Research

My book, Political Community in Revolutionary Pennsylvania, 1774-1800, will be published in Fall 2018 by Oxford University Press. You can place your orders now! Revising the traditional interpretation of the American Revolution in Pennsylvania as a process of ‘counter-revolution’, I argue that the Pennsylvania Constitution of 1776 should be understood more as a radical manifesto than a frame of government. Its democratic innovations, therefore, possessed political salience long after the constitution’s revision in 1790. These innovations should be understood as at the heart of popular understandings of the Revolution.

Essays of mine have appeared in edited volumes. ‘Violence and the Limits of the Political Community in Revolutionary Pennsylvania’ was published in Between Sovereignty and Anarchy (University of Virginia Press, 2015), edited by Patrick Griffin, Robert G. Ingram, Peter S. Onuf, and Brian Schoen. In this essay, I argue that political violence was persistent and pervasive during the American Revolution, because it allowed a way for ordinary citizens to bring attention to their concerns when they felt other representative channels had failed. This violence was often remarkably politically productive – but only when used in conjunction with other mechanisms of political activism that could bring different forms of pressure on elected governments.

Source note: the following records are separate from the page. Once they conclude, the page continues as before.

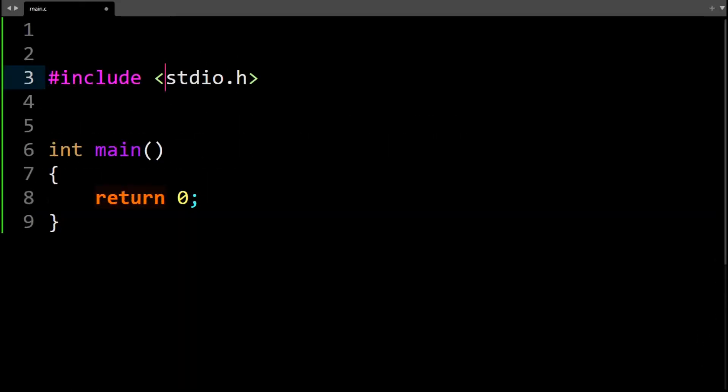First, we'll talk about the preprocessor. You can see that we have here the hash sign. Everything that starts with the hash sign is called a preprocessor. And you must have seen something like stdio.h — this is a file that we are including in this translation unit.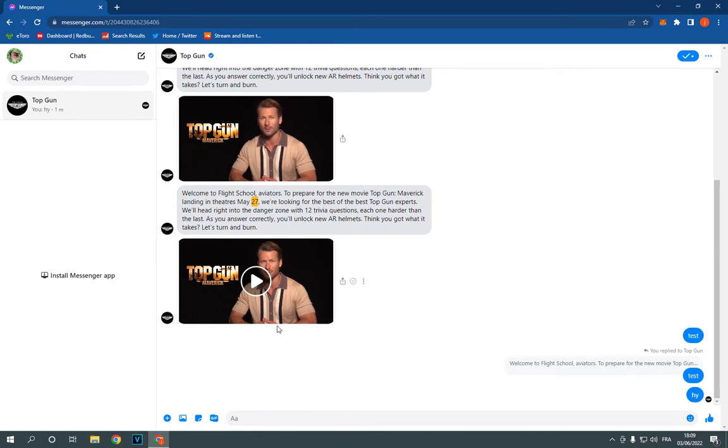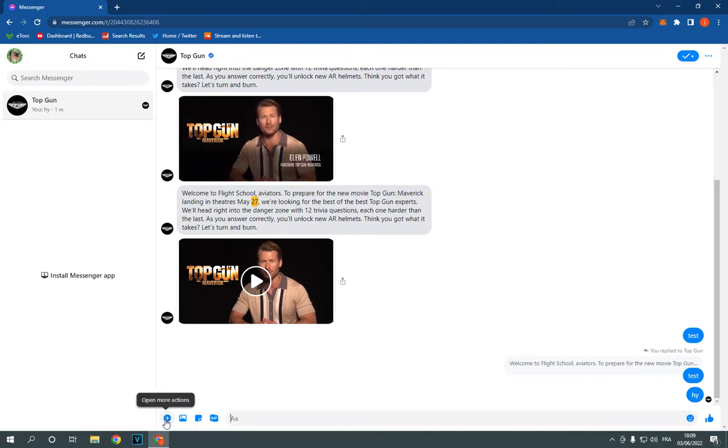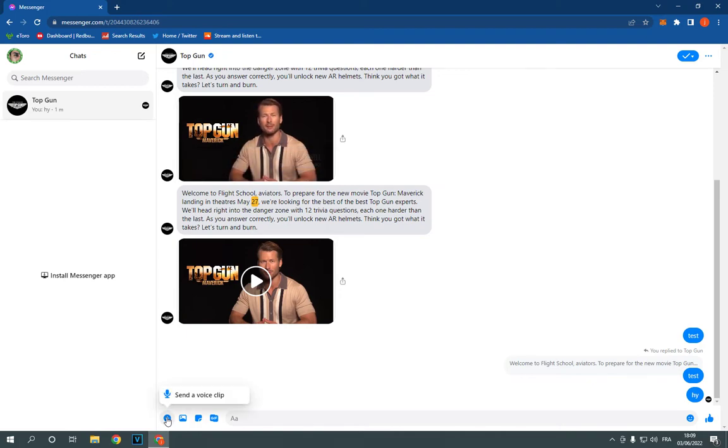Just go down here on this bar and click here on this little plus icon. Click on it like this and here you will find send a voice clip.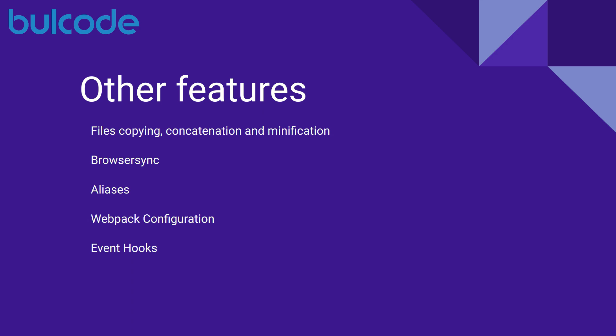And for more information you can of course visit the official documentation of Laravel Mix.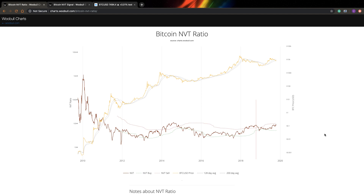Hi, this is Quant Namat, welcome to my channel. In this video, I will speak about two very simple but very useful indicators for Bitcoin.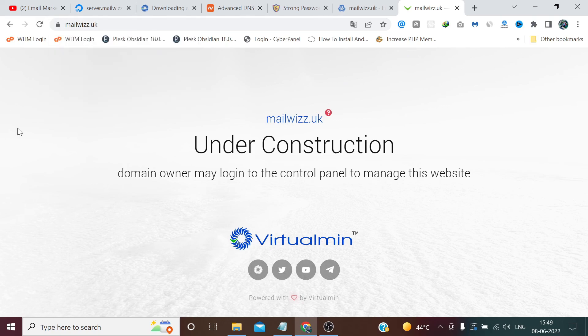In the next video we will create an email user and check the mail score. If the email score is not good, we will try to make it good by updating some records. That's all for this video — thanks for watching.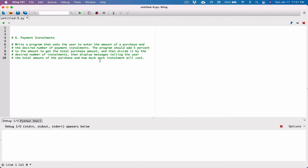The user is going to type in an amount, say five thousand dollars, and then we're going to add five percent to that amount. Then we're going to divide that total amount by however many months, for example, the user wants to pay this amount, and then we're going to display it. So let's just take it step by step.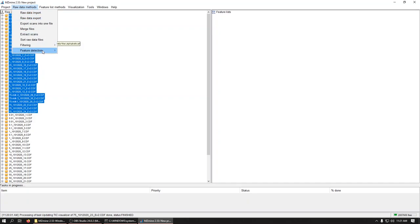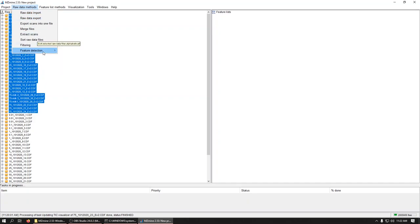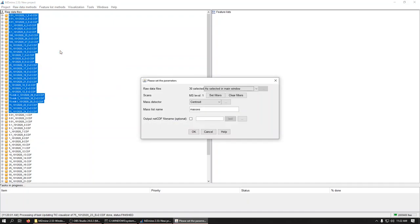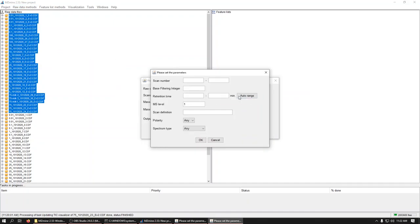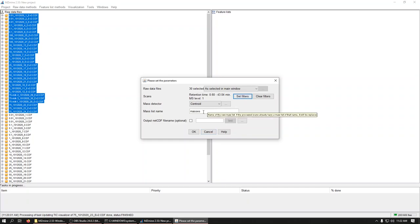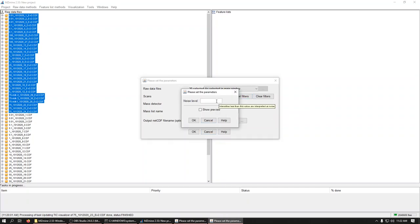Well, the next step we'll have to do is we want to detect masses. Because we want to move this over to what MZMine calls the feature list. So feature detection, mass detection. As selected in the main window. Set filters. Again, auto retention time. We're going to make a mass list name. We're going to call it masses. We'll have to go under centroids. And we'll have to give it a noise level.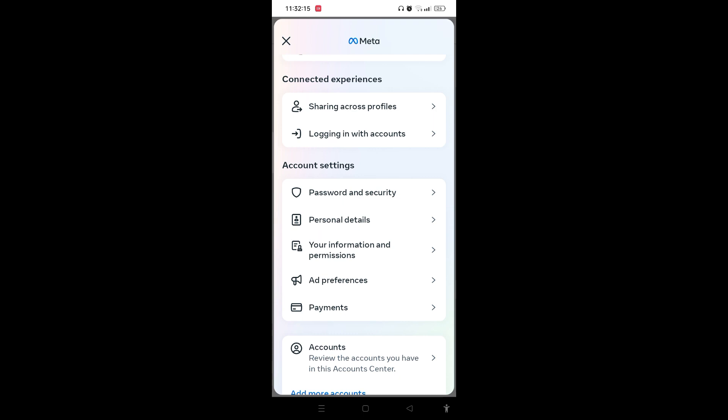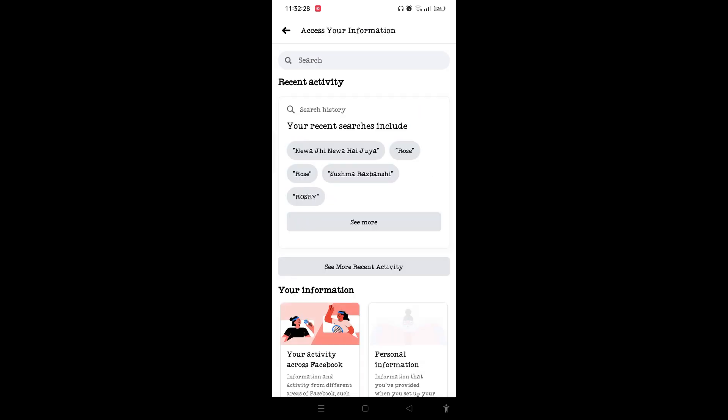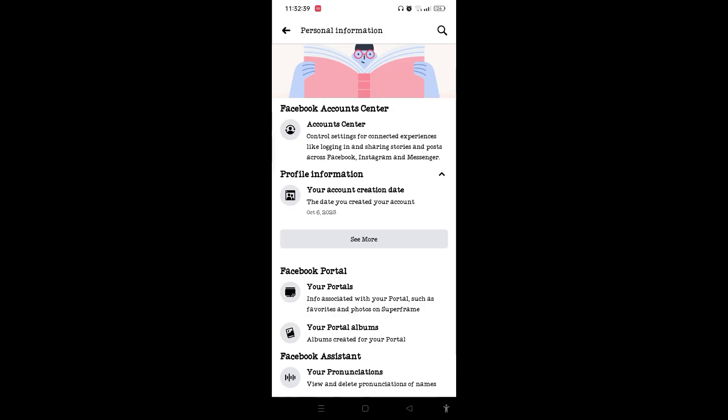When you reach your information and permissions, tap on access your information which is at the top of the screen. Scroll down and here is the option of personal information. Simply tap on personal information.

‘Legitimacy, Localism, and the First Party System’ appeared in Practicing Democracy: Popular Politics in the United States from the Revolution to the Civil War (University of Virginia Press, 2015), edited by Daniel Peart and Adam I. P. Smith. In this essay, I argue that political success in the 1790s depended fundamentally on engagement with local political activism, expressed through mechanisms of extra-governmental mobilization. Through case studies of three Pennsylvanian elections between 1790 and 1799, I demonstrate how those candidates who most fully embraced local democratic politics experienced the greatest success.